Friday, April 23, 2010

What's the world's biggest hedge?

Some say it's this Beech hedge in Perthshire, England. That would make sense, right? Jolly old England; tea, lorry, loo... hedge.

Turns out that a far grander hedge existed back in mid-to-late nineteenth century Colonial India: a 12-foot-thick barrier of acacia, prickly pear and bamboo that at it's longest stretched over 2,000 miles from the Himalayas to the sea and was patrolled by 12,000 people in order to extract customs taxes on salt and drugs. And pretty much no one knew this ever happened until this fellow named Rory Moxham found a small reference to it in a forgotten manuscript, went to India to try and find it, and published a book about it in 2002. Now at least a few thousand people have heard of it.

I first read about The Great Hedge, or The Customs Line, in the book Salt, by Mark Kurlansky (the guy who wrote the book Cod). So I went to the internet and there are literally no pictures of it and pretty much no information about it that isn't a review or summary of the book. Wikipedia has the most info you'll find.

So, two opressive regimes (The East India Company, and after the 1857 uprising, the British government) built a 2,000 foot long tree barrier in less than 50 years, and no one knows or cares. Imagine if the U.S. built a cholla, prickly pear, and mesquite fence across our entire Mexican border. Although it's not out of the question for Arizona to do that, I feel like it would get noted for its assholery and weirdness.

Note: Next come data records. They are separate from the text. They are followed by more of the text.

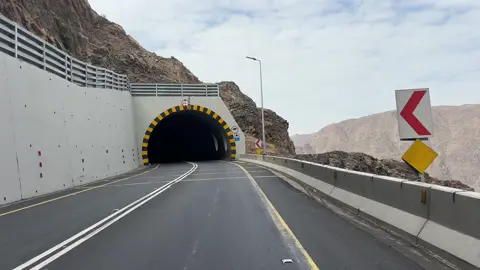 #السعودية 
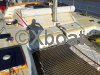 Technical sheet CNAM 105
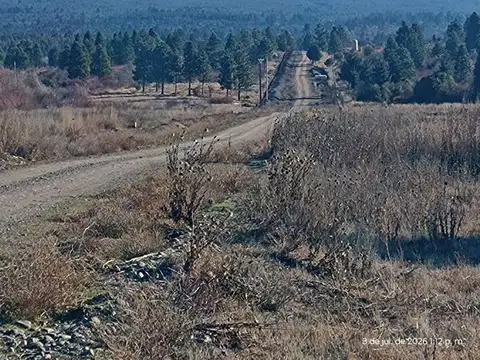 Terreno en Venta en Esquel, Futaleufú
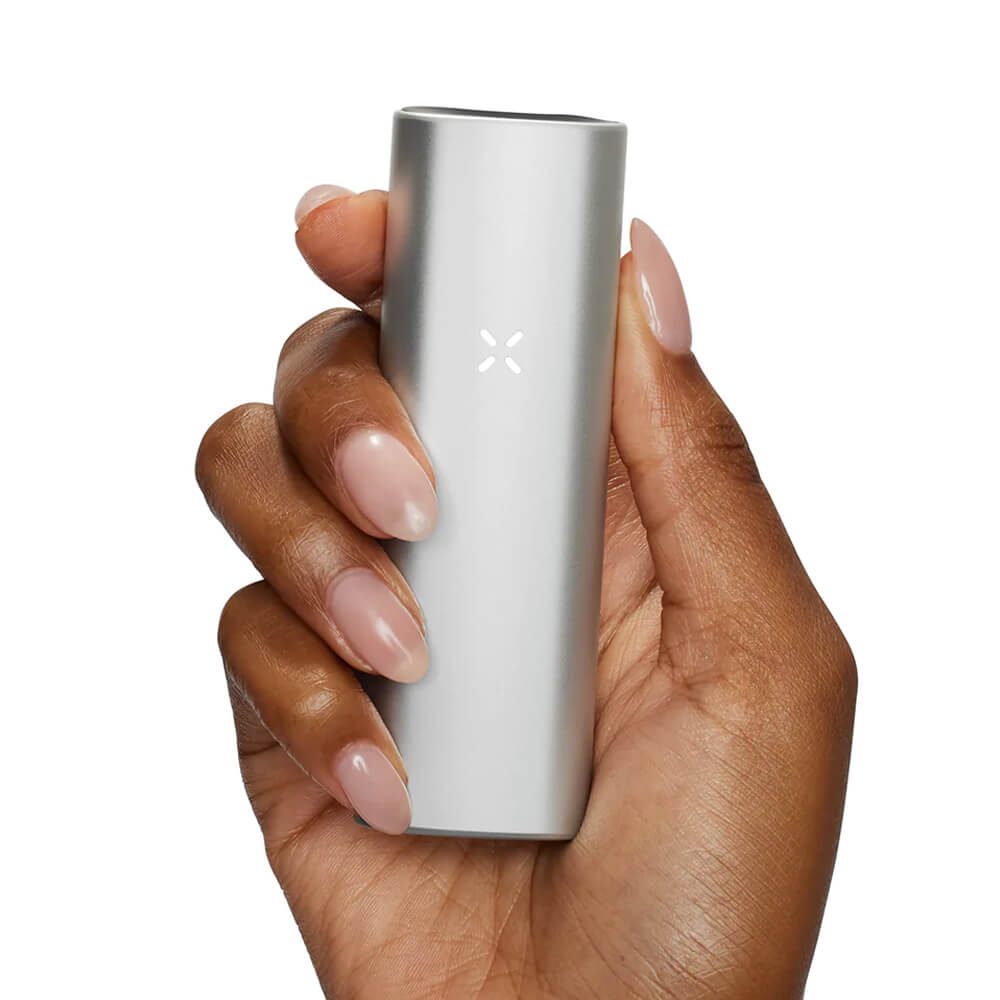 PAX MINI - Bilde 2
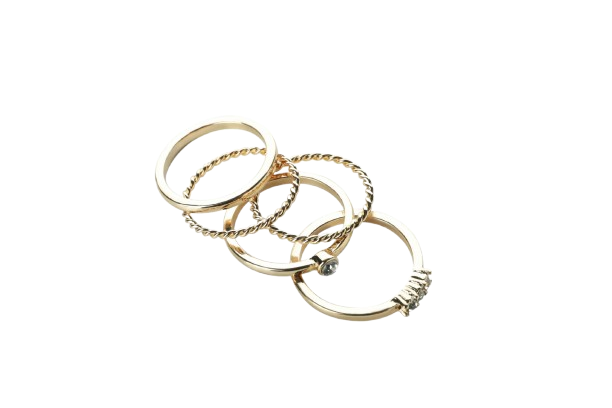 Rings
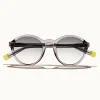 Orlebar Brown Harlyn GREY Cheap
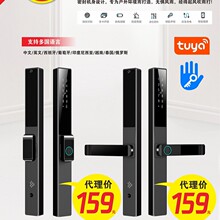 ��ˮ�����Xָ�y�i���h��ͥԺ�T�iƽ���T�����X��������i���I�T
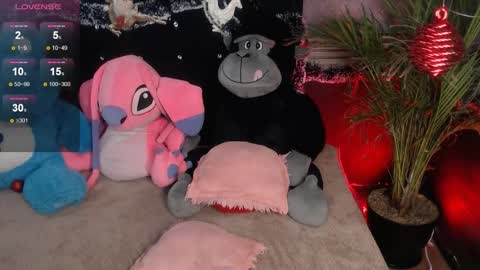 eva online show from 9, 1, 2026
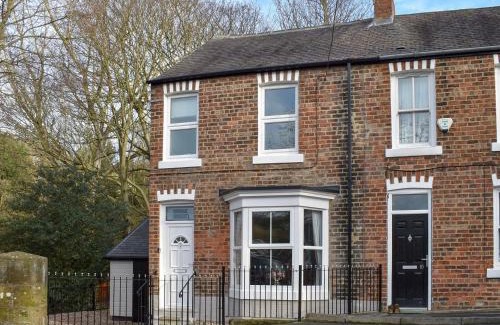 Loftus Casa | Bridge House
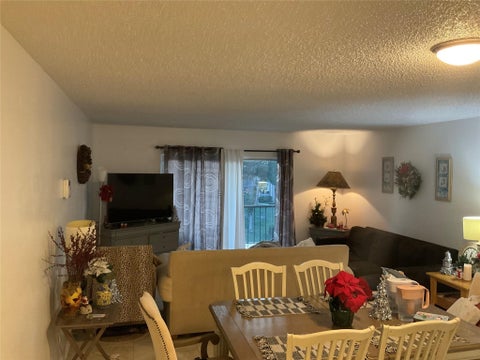 Tiny photo for 6201 N FALLS CIR Drive #309, Lauderhill, FL 33319 (MLS # B26054003)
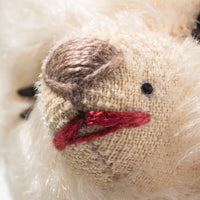 steiff-marilyn-monroe-teddy-bear-100th-anniversary-beige-29-cm-play-toy-stff-005848
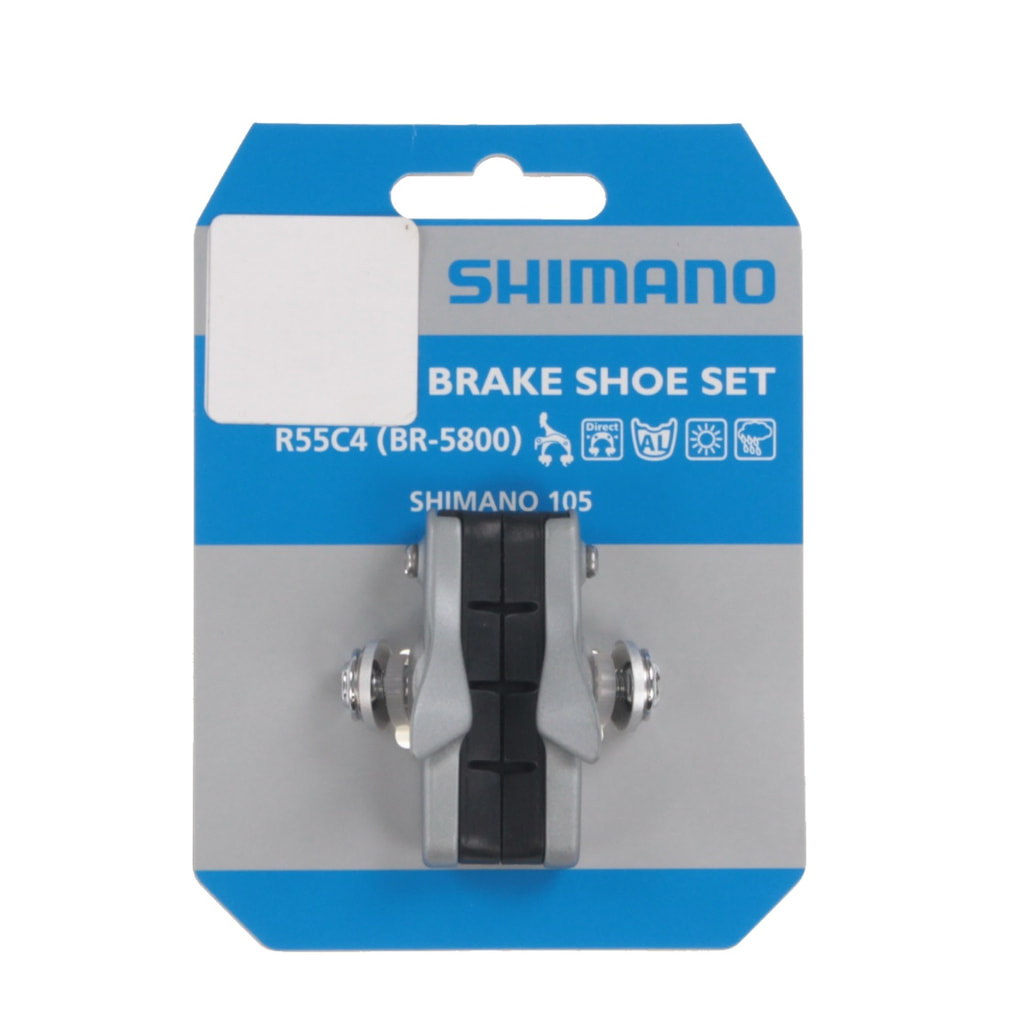 �V�}�m �J�[�g���b�W�^�C�v�V���[�Z�b�g R55C4 �o�C�V�N�� �p�[�c SHIMANO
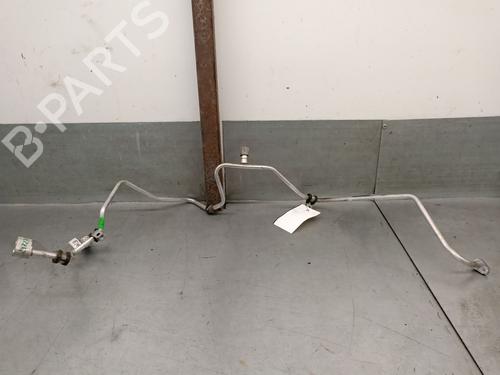 Used AC pipe AC pipe DACIA LOGAN II 1.5 Blue dCi 95 (L8JL) (95 hp) 32469059 32469059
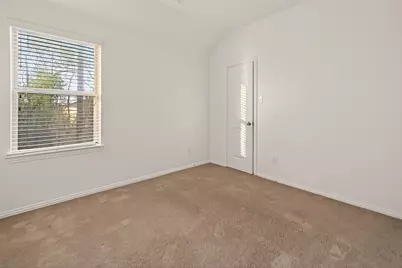 12102 City Trek Lane, Houston, TX 77047 - Photo 24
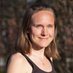 Malin Olofsson (@aquaticphyto) Twitter profile photo Malin Olofsson (@aquaticphyto) Twitter profile photo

It seems like anyone who went to Calcutta during those 50-some-odd years would have at least heard about this monumental wall of shrubbery. I know I haven't read much that would possibly make mention of the Great Hedge (The Moonstone, Lord Jim?), but all signs point to no one writing about it. I guess my biggest question is: did contemporary authors know about this and choose not to use it for the sake of not making the British Empire look bad, or was it just not widely known?

2 comments:

  1. I know that at the time the British considered their colonization to be an agent for spreading civilization. Civilization meaning western concepts of ownership, legalities, etc... They didn't want to be seen as exploiters like the Spanish.

    I am just guessing that they didn't want to look like dicks.

    ReplyDelete
  2. The real question is, did Foucault know about this? Did he think, "Naw, I'm gonna stick with Bulgar Drills and the Panopticon. That's what people want to read about,"? Because if so, he was wrong.